-- GIVEN DATA follows --

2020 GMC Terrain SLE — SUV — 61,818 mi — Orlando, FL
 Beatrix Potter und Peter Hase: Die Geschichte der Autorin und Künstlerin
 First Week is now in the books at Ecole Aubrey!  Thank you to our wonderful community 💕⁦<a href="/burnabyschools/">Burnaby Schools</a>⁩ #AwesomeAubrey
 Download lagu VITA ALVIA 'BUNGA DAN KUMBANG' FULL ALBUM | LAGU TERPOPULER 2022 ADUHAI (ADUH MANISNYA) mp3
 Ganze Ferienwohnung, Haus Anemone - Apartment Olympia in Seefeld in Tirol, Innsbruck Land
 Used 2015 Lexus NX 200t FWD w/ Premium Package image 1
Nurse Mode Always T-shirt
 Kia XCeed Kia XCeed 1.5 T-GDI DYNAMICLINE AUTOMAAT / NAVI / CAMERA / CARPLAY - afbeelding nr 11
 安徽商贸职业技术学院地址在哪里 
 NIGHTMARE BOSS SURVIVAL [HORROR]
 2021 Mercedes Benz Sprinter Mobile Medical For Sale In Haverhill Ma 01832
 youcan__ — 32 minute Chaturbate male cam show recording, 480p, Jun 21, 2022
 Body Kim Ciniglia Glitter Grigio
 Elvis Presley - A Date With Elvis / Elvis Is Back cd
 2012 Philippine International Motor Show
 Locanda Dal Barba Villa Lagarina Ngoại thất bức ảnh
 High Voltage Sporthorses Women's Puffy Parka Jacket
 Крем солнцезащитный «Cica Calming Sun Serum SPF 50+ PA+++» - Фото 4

-- GIVEN DATA concluded --

▸ TASK GOAL: Set down exactly the line with "2012 Philippine International Motor Show" and each line after it up to the end of the records, adding nothing.

▸ FINISHED EXERCISE:
 2012 Philippine International Motor Show
 Locanda Dal Barba Villa Lagarina Ngoại thất bức ảnh
 High Voltage Sporthorses Women's Puffy Parka Jacket
 Крем солнцезащитный «Cica Calming Sun Serum SPF 50+ PA+++» - Фото 4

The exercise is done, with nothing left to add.